_Task brief:_
Leave out the pictures and repeat exactly the lines from the one containing "Dwarf mountain pine Gnom branches" through the end of the records.

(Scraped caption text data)
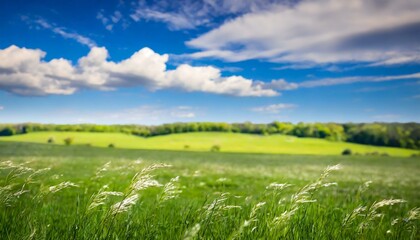 Obraz premium Krajobraz słoneczna zielona łąka polana 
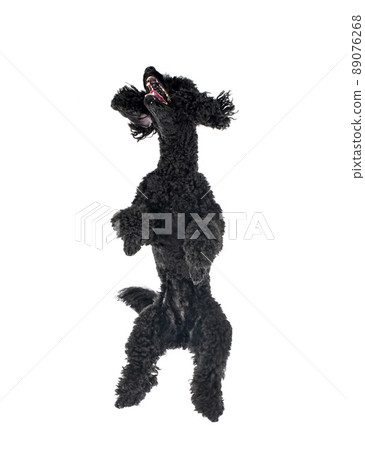 poodle in studio poodle in studio 89076268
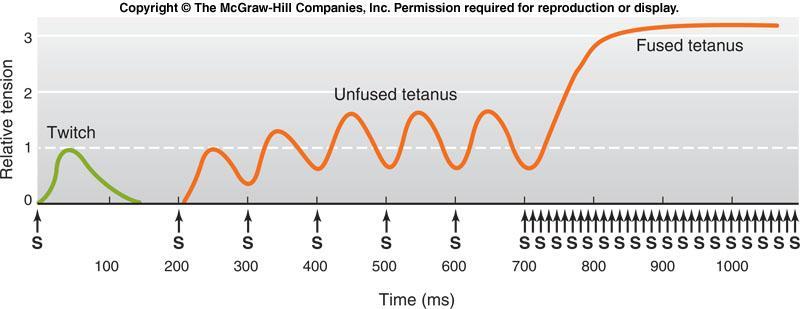 Unfused tetanus: partial dissipation of elastic tension between subsequent stimuli.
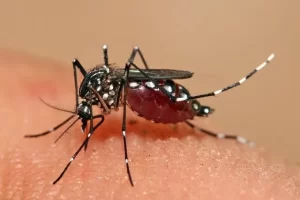 Casos de dengue aumentam  224% no Tocantins no período chuvoso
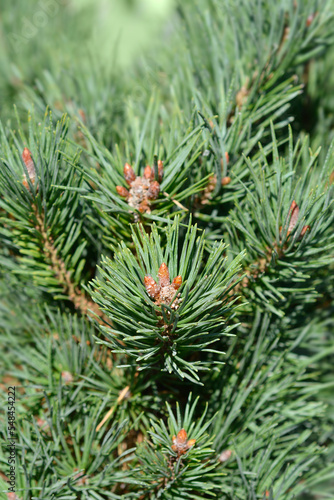 Dwarf mountain pine Gnom branches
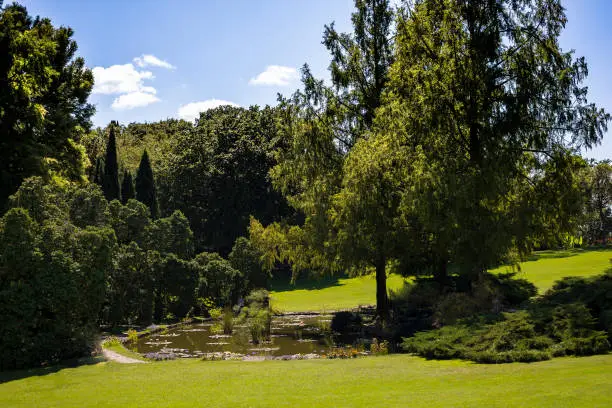 Small pond with shady trees at Sigurtà Garden Park, Valeggio sul Mincio, Veneto, Italy.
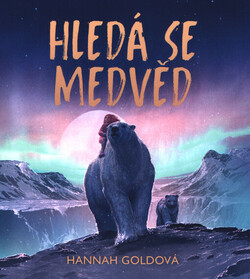 Hledá se medvěd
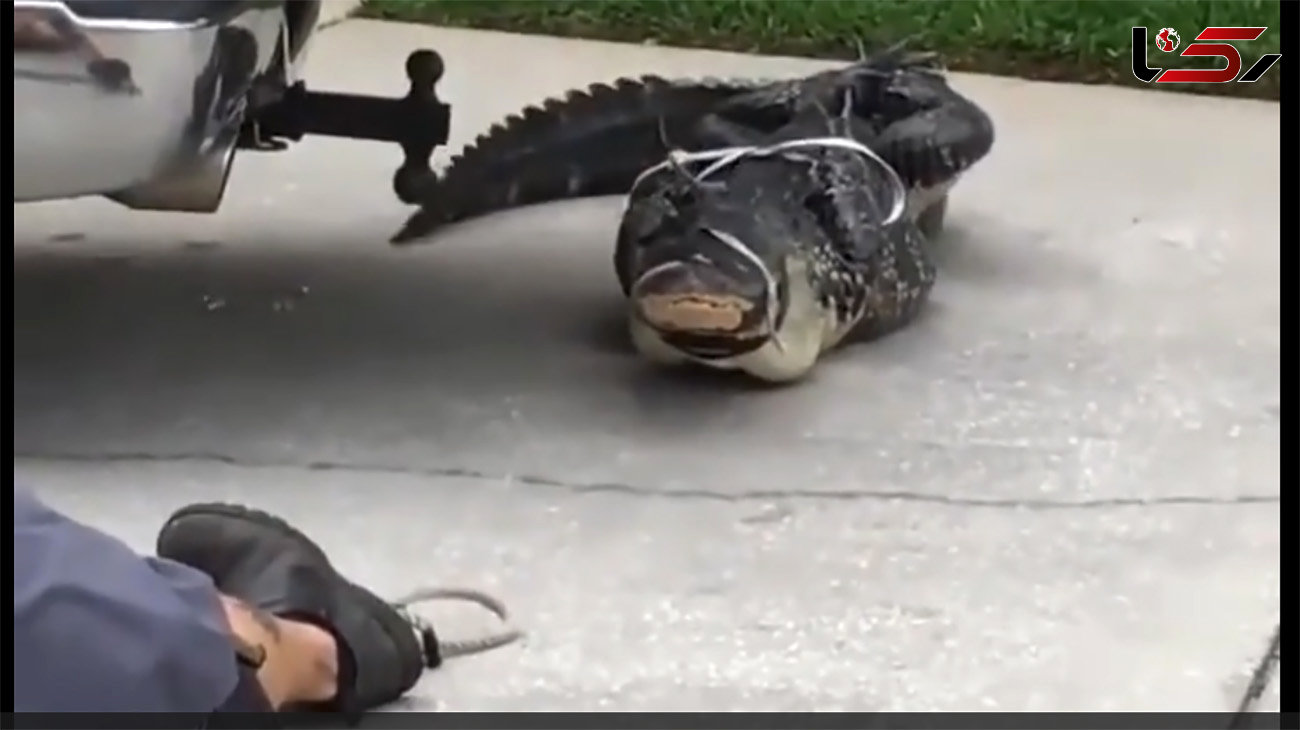 تمساح دست و دهان بسته هم خطرناک است! + فیلم وحشت آور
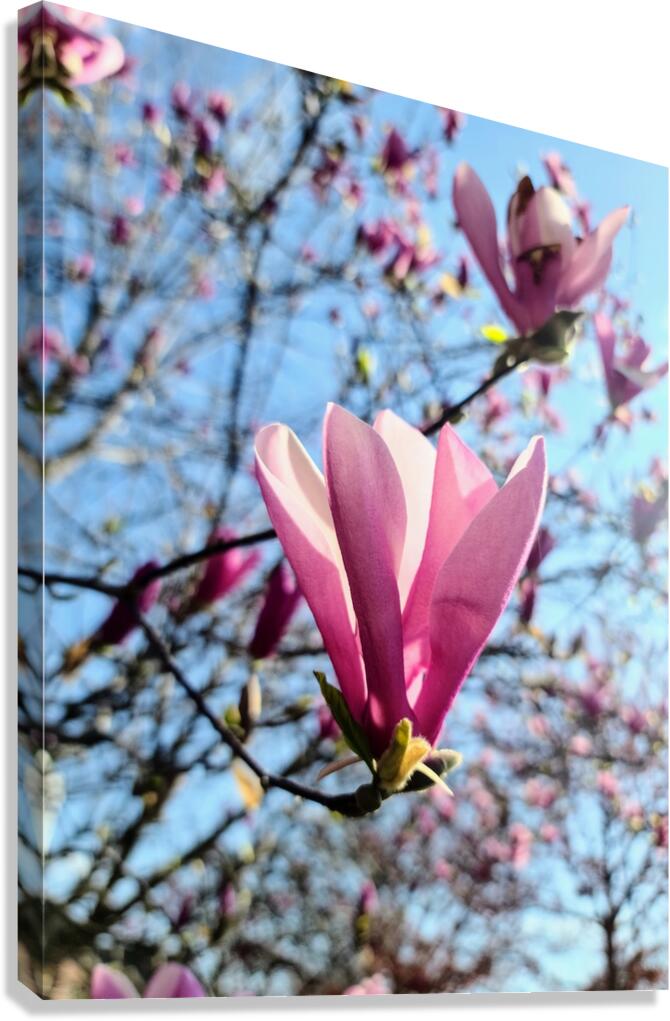 A Magnolias First Embrace of Light Canvas Print
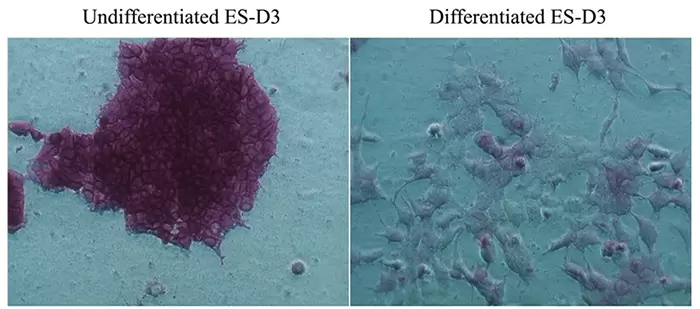 Stemtag Ap Staining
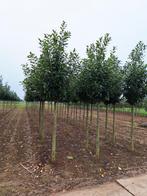 Prunus Laurier Novita Boom ❗️🌳 Groenblijvende Laurier 🌳❗️, Tuin en Terras, Planten | Bomen, Ophalen, Halfschaduw, Overige soorten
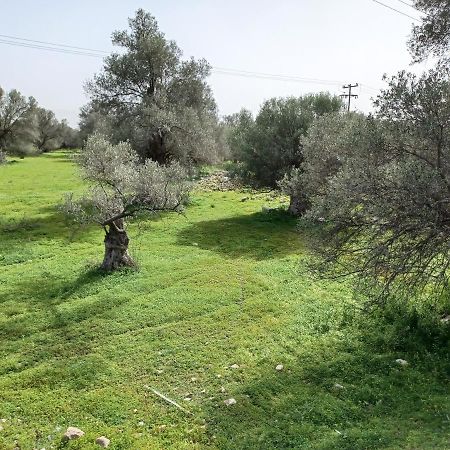 Villa Pitsidia Hills Εξωτερικό φωτογραφία
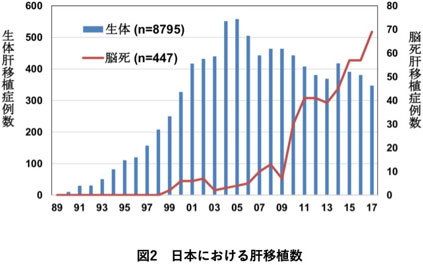 不全 余命 肝 肝不全 (かんふぜん)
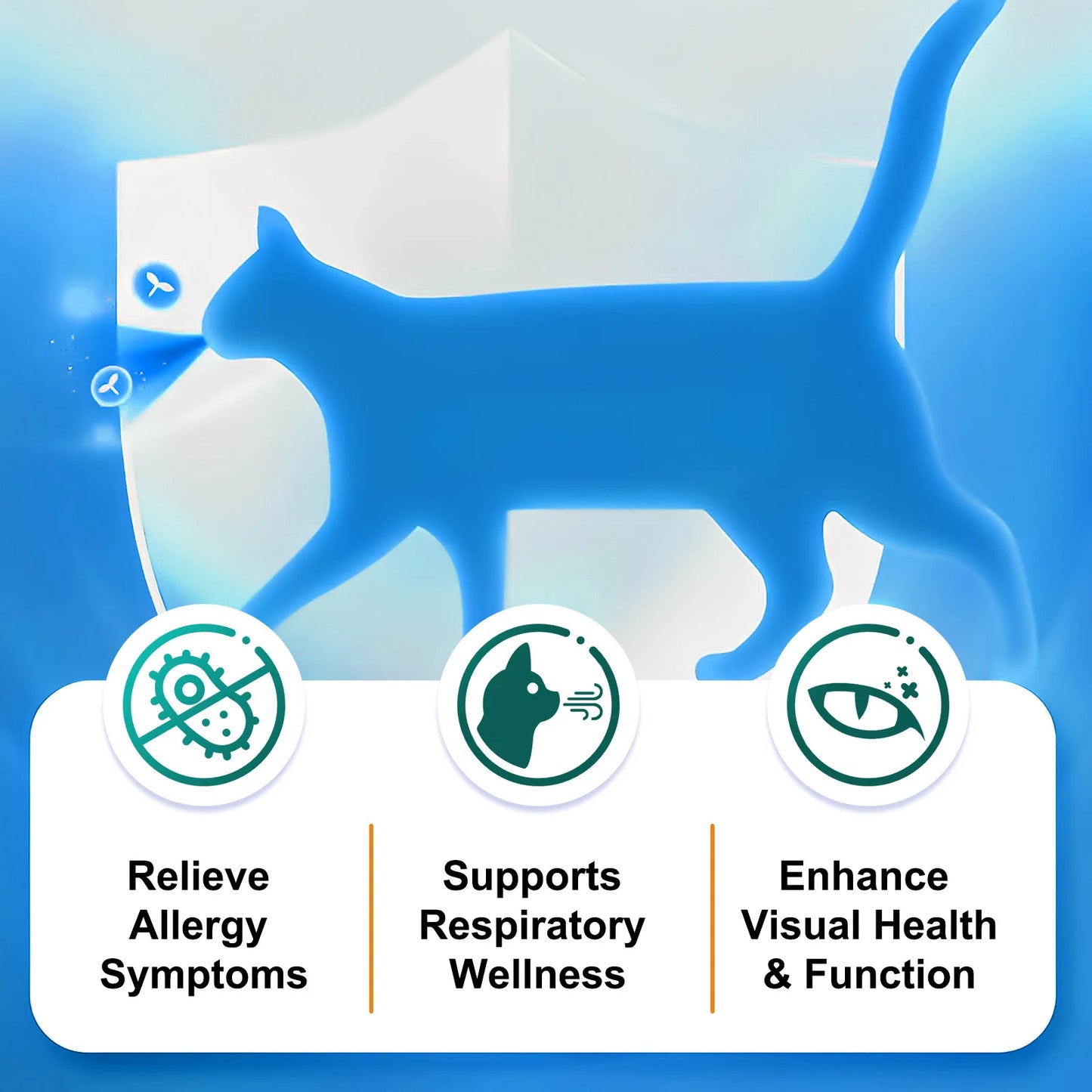 L-Lysine for Cats – Support for immune and respiratory health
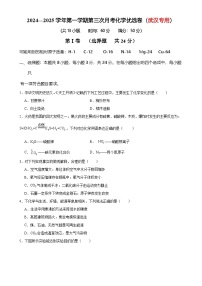 2024-2025学年九年级上学期第三次月考化学优选卷（武汉专用）（原卷版）-A4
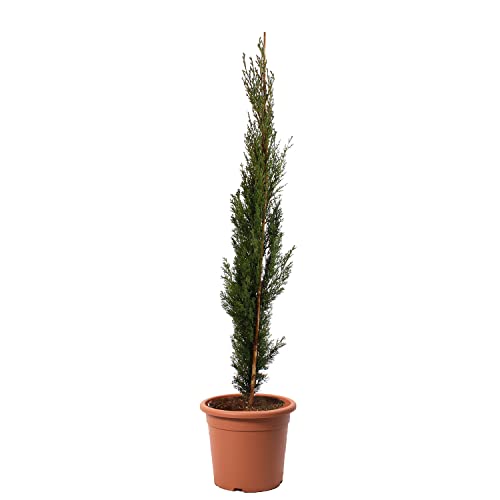 KENTIS - Zypressen Echte Pflanzen Winterhart - Cupressus Sempervirens Totem - Hoch 80-100 cm Topf Ø 18 cm von Kentis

_Answer section:_
 Dwarf mountain pine Gnom branches
 Small pond with shady trees at Sigurtà Garden Park, Valeggio sul Mincio, Veneto, Italy.
 Hledá se medvěd
 تمساح دست و دهان بسته هم خطرناک است! + فیلم وحشت آور
 A Magnolias First Embrace of Light Canvas Print
 Stemtag Ap Staining
 Prunus Laurier Novita Boom ❗️🌳 Groenblijvende Laurier 🌳❗️, Tuin en Terras, Planten | Bomen, Ophalen, Halfschaduw, Overige soorten
 Villa Pitsidia Hills Εξωτερικό φωτογραφία
 不全 余命 肝 肝不全 (かんふぜん)
 L-Lysine for Cats – Support for immune and respiratory health
 2024-2025学年九年级上学期第三次月考化学优选卷（武汉专用）（原卷版）-A4
 KENTIS - Zypressen Echte Pflanzen Winterhart - Cupressus Sempervirens Totem - Hoch 80-100 cm Topf Ø 18 cm von Kentis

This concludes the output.